What the exercise asks ▸ From the material below, please set down exactly the lines starting with the one with "Chanel Interlocking CC" and going on through the one with "Womens Lorey lacey knit top Product Image", without a single picture.

Records for the exercise ▸
-------------------------
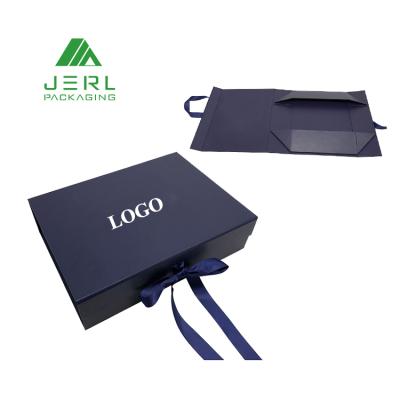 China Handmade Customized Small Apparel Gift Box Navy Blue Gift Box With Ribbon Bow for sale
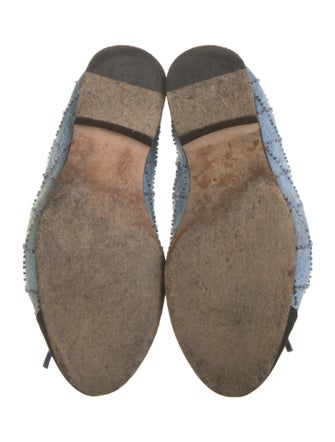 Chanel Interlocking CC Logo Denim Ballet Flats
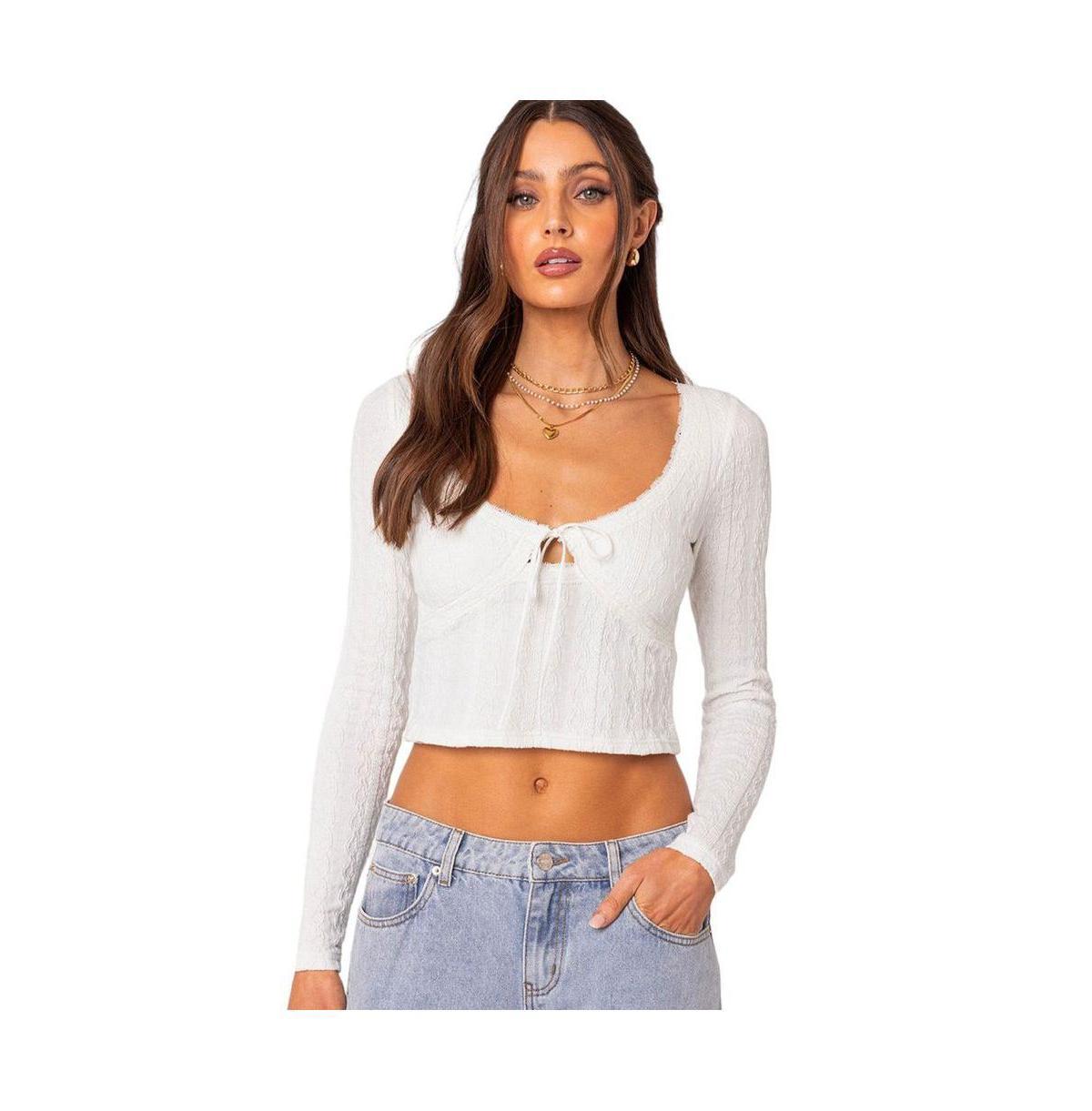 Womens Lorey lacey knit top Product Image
-------------------------
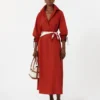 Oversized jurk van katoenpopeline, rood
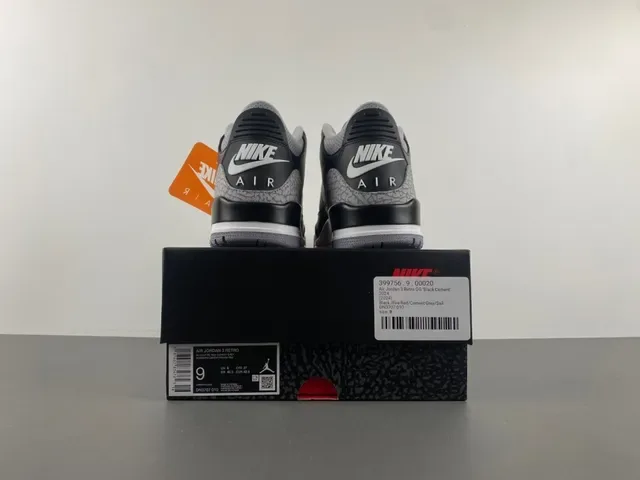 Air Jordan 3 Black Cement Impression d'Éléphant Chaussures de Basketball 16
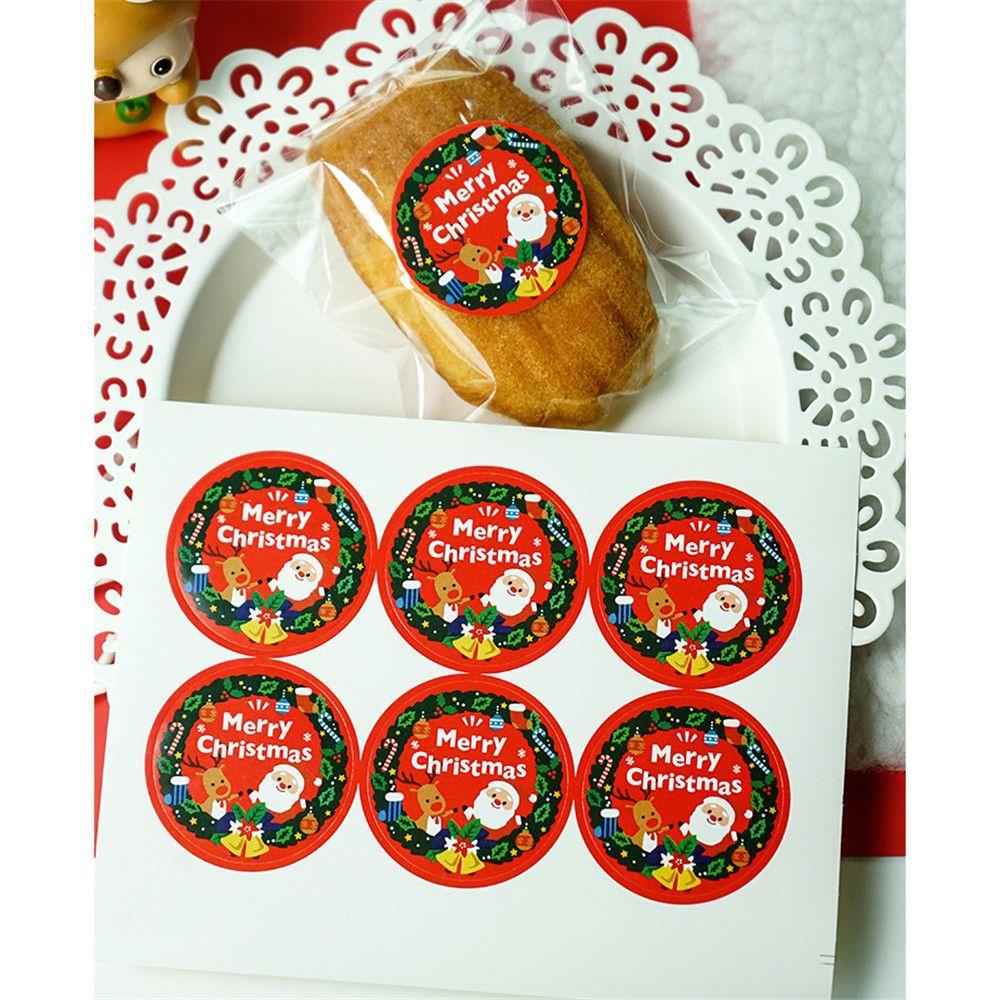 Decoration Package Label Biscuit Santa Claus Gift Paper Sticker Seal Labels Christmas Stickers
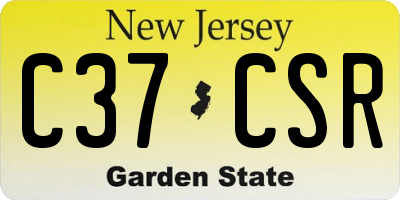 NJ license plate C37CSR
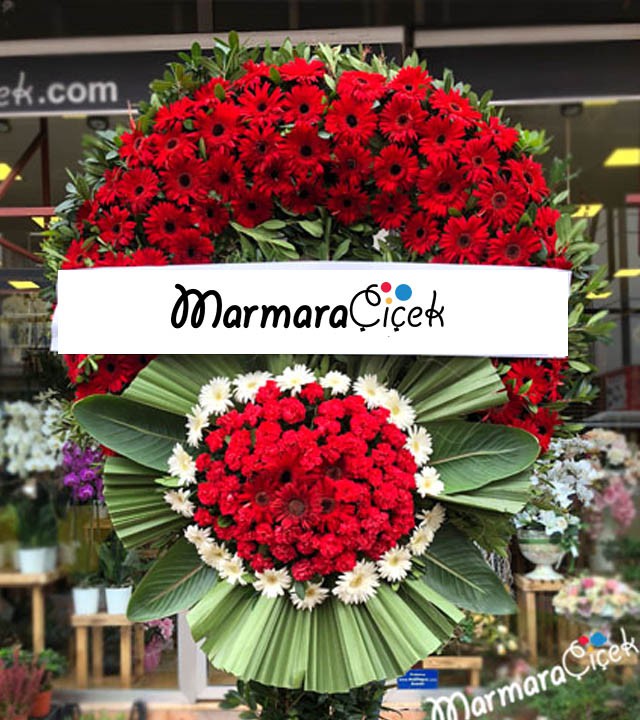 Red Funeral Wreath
-------------------------
Output below ▸
 Chanel Interlocking CC Logo Denim Ballet Flats
 Womens Lorey lacey knit top Product Image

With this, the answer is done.